WHAT THE EXERCISE ASKS: Pick out each line below containing "into".

DATA RECORDS:
* * *

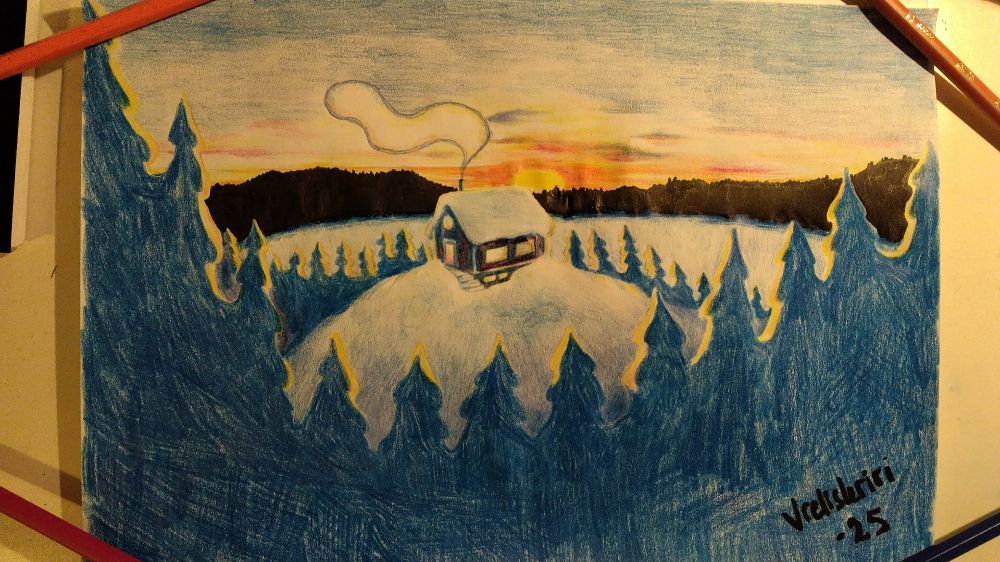 Summary: A cabin on a hill oversees a frozen lake. The scene is illuminated by a midwinter sunset.

Details: The hill is enveloped in lines of snow-covered spruce trees, the treetops gilded by the sunset. Blue dusk seeps from the shadows of the trees into the hillside. 

The windows of the cabin are lit, gently pushing back the soft shadows. A cloud of smoke rises from the narrow chimney, iridescent like a bubble of soap. 

Translator's note: hämärän huomaan = into the care of twilight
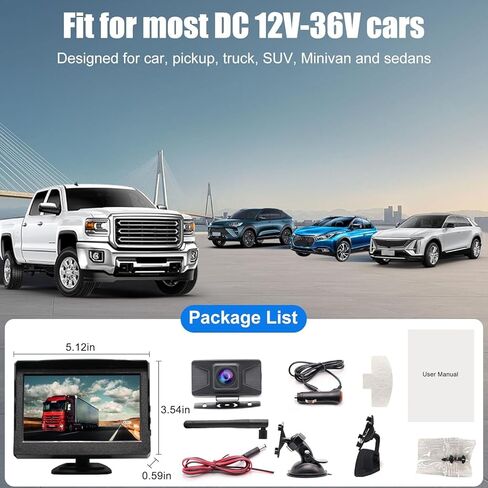 7 بوصة كاميرا احتياطية شاحنة وصلة مقطورة HD 1080P سيارة كاميرا الرؤية الخلفية عدة مراقبة للرؤية الليلية DIY خطوط دليل IP68 للماء للسيارات RVs شاحنات بيك اب جرارات حافلة نصف مقطورات in Kuwait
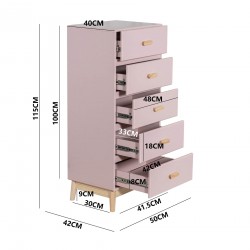 Cassettiera Mobili Rebecca Orchidea 115x50x40 MDF Pino Rosa Marrone Scandinavo Da Montare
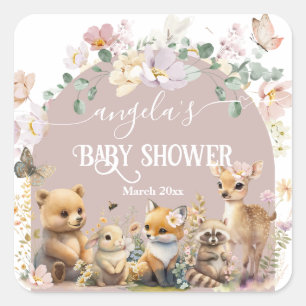 Woodland animal wildflower Girl Baby Shower Square Sticker
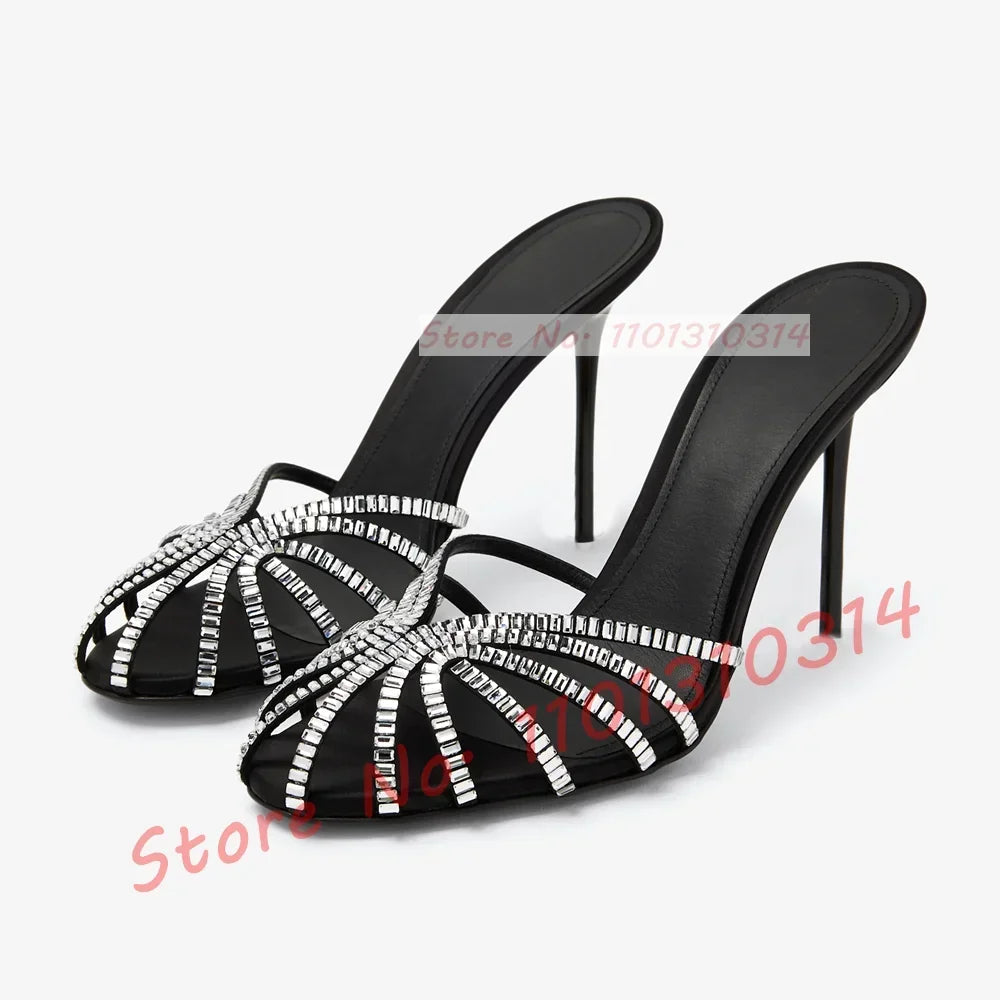 Gemstone High Heel Silk Slippers Women Luxury Caged Stiletto Heels Metallic Slippers Ladies Stylish Cross Strap Summer Shoes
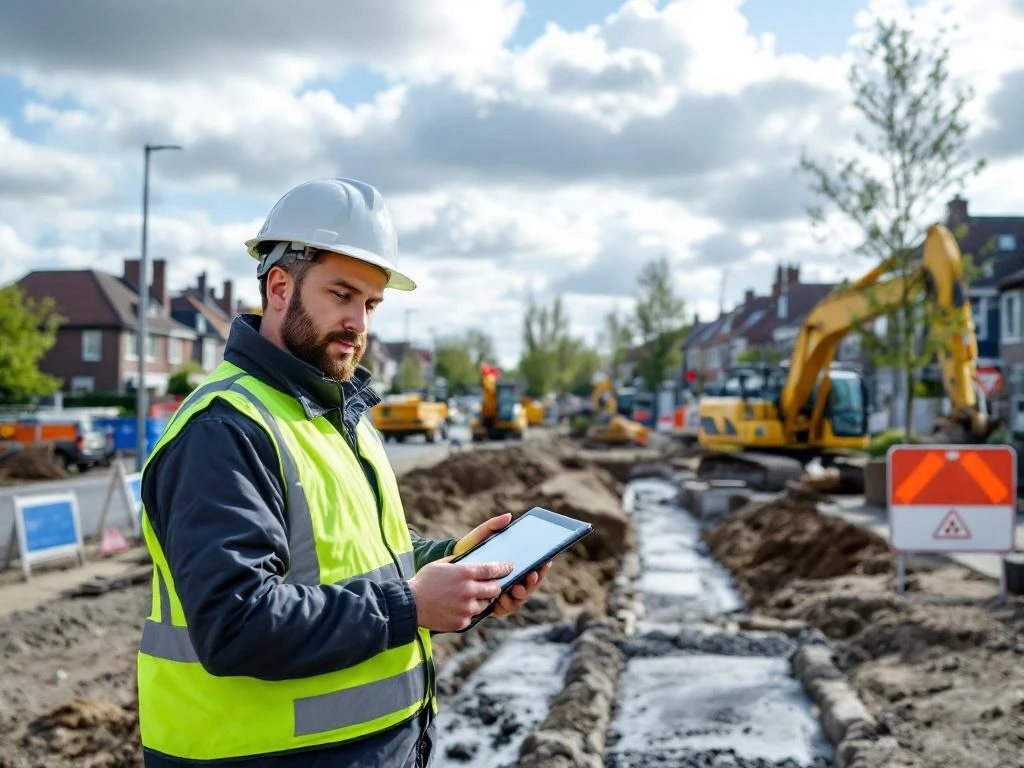 Milieumanager met tablet en veiligheidshelm op bouwplaats in Nederlandse woonwijk met graafmachines en woningen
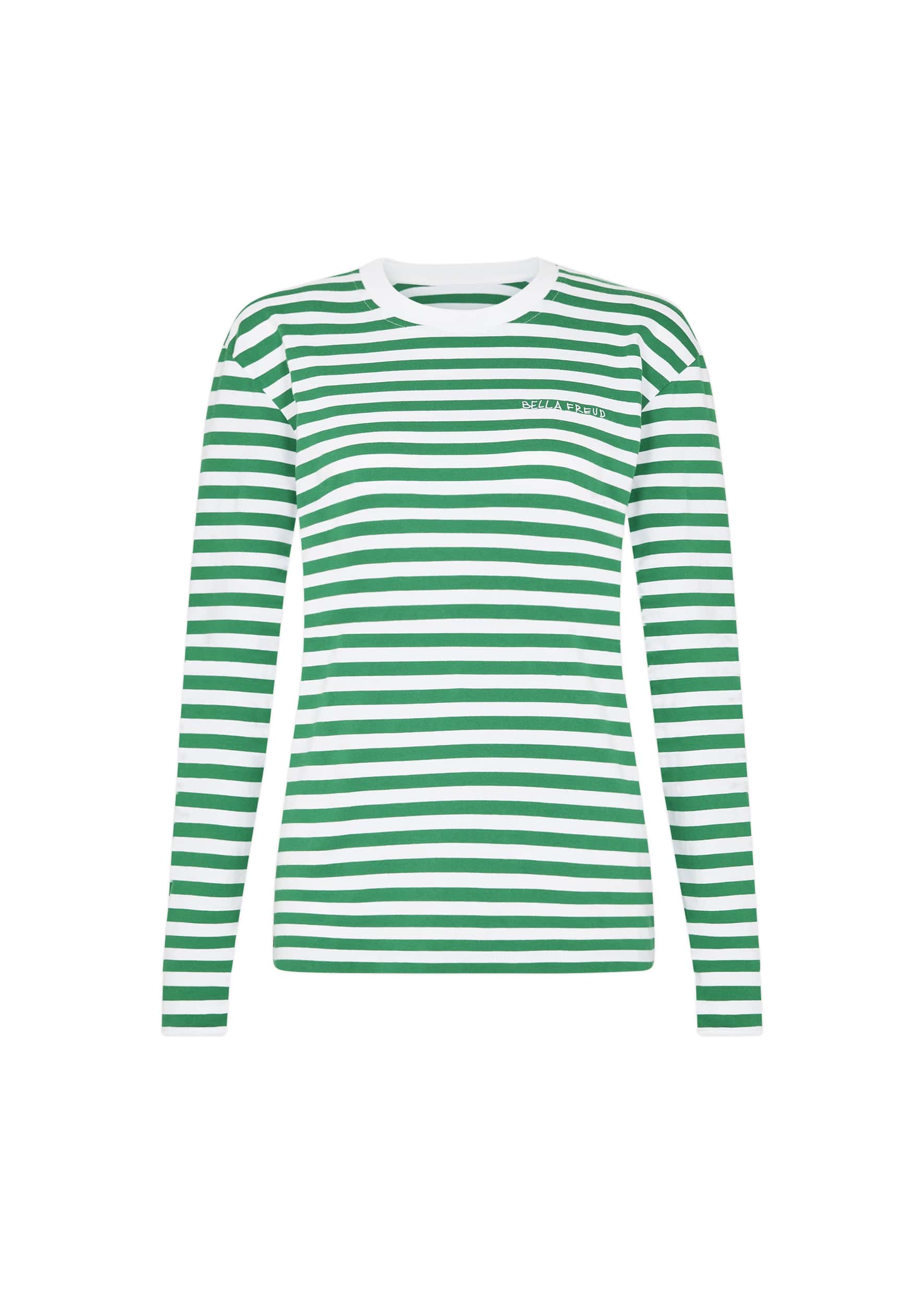 Bella Freud Long Sleeve Striped T Shirt in Green l Bella Freud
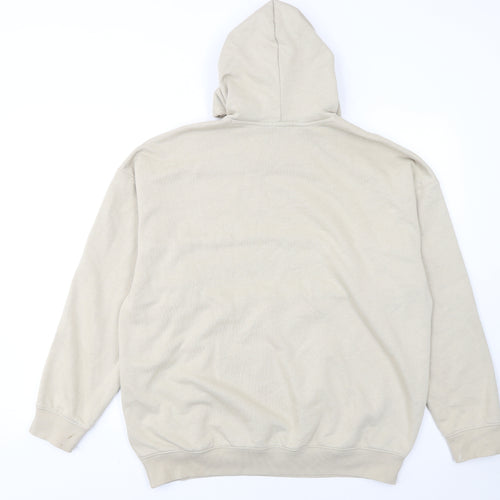 Adidas Women Beige Hooded Pullover Sweatshirt L 16-18 Logo Design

* * *

EXERCISE SOLUTION:
Details: The hill is enveloped in lines of snow-covered spruce trees, the treetops gilded by the sunset. Blue dusk seeps from the shadows of the trees into the hillside. 
Translator's note: hämärän huomaan = into the care of twilight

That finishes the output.